Empingorotados mandamases se suben a una tribuna para asistir a un desfile militar y se impide el paso a un ministro del Gobierno de España que acude en su representación. Está Margarita Robles –pero ella sí gusta a la derecha–, lo sabe y no se va. Y está Feijóo, porque a su fiesta Ayuso invita a quien quiere. El pueblo de Madrid queda fuera. Hay algo, mucho, de aquel reino decadente del 1808 con un toque chaparrudo de franquismo en la escena. Hasta en los torsos y posaderas de floreados vestidos que franquean el paso o lo niegan al escenario de los poderosos. Aquí TVE que versiona la postura de los de Ayuso.
Leo que en Francia aquellos que habían perdido privilegios maniobraron en contra de la Revolución, que la burguesía muy activa consiguió unir a su causa a los campesinos nada menos, que hasta los ejércitos de las monarquías limítrofes estaban apostados en las fronteras a ver qué ocurría, que el fervor revolucionario teñido de terror se pasó de rosca. Napoleón les pareció a los franceses, en principio, una síntesis de lo viejo y lo nuevo. Pronto saldrían de su error. Sigo sin entender qué veían los españoles en Fernando VII y aun en Carlos IV. Hay diferencias. Napoleón actuó con las armas, los castizos que se oponían a los franceses con sus cuerpos y vidas.

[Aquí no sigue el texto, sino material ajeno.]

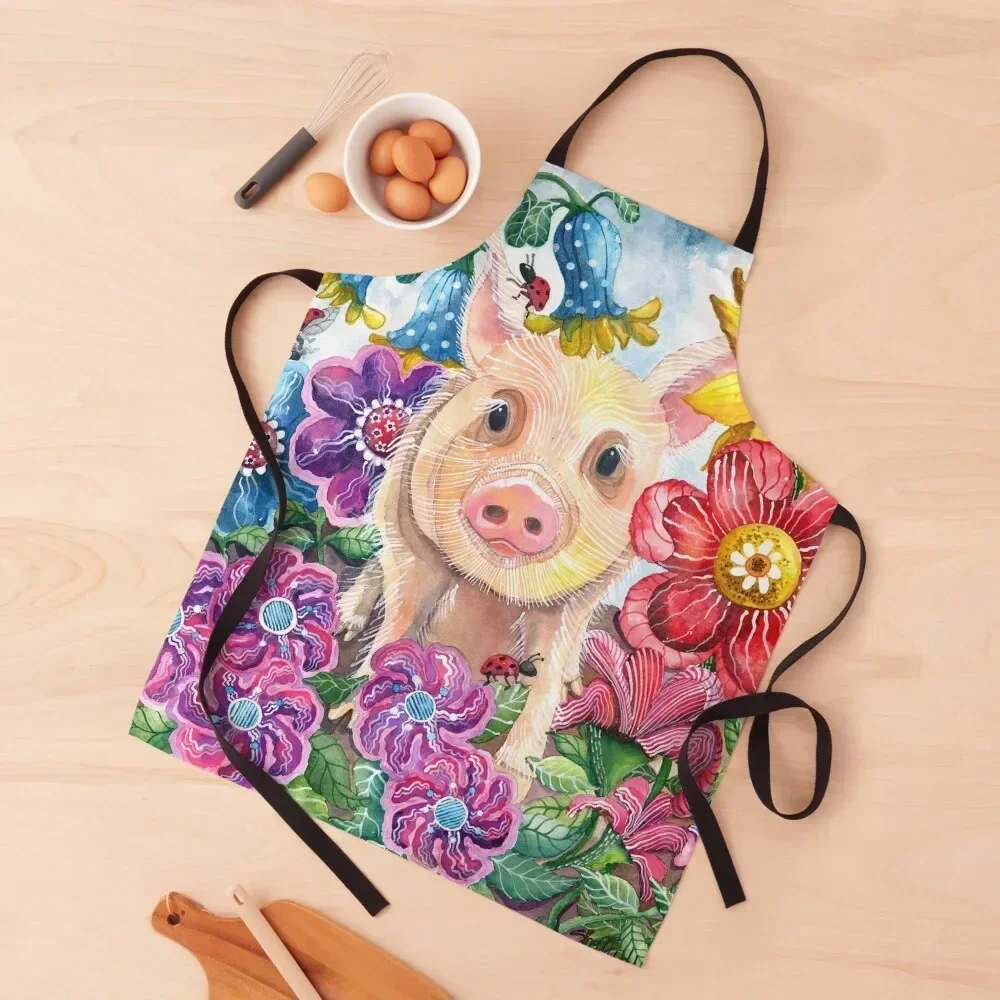 Penelope Pig Apron chef for man christmas decoration Kitchen And Home Items Kitchen Novel Kitchen Accessories Apron
Penelope Pig Apron chef for man christmas decoration Kitchen And Home Items Kitchen Novel Kitchen Accessories Apron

Al parecer, se cumple un axioma por el que se hacen con el poder las fuerzas más conservadoras de las revoluciones. Suelen llamarle el mal menor, quizás es un temor a la incertidumbre que prefiere el conservador que nada cambie o cambie poco. El resquicio lo aprovecha, a menudo, lo más tosco y autoritario. Lo triste es que ese pueblo al que a menudo embrutecen y manipulan es el mismo que termina estando a la altura de la historia. A veces, solo a veces. Y así pasan los siglos.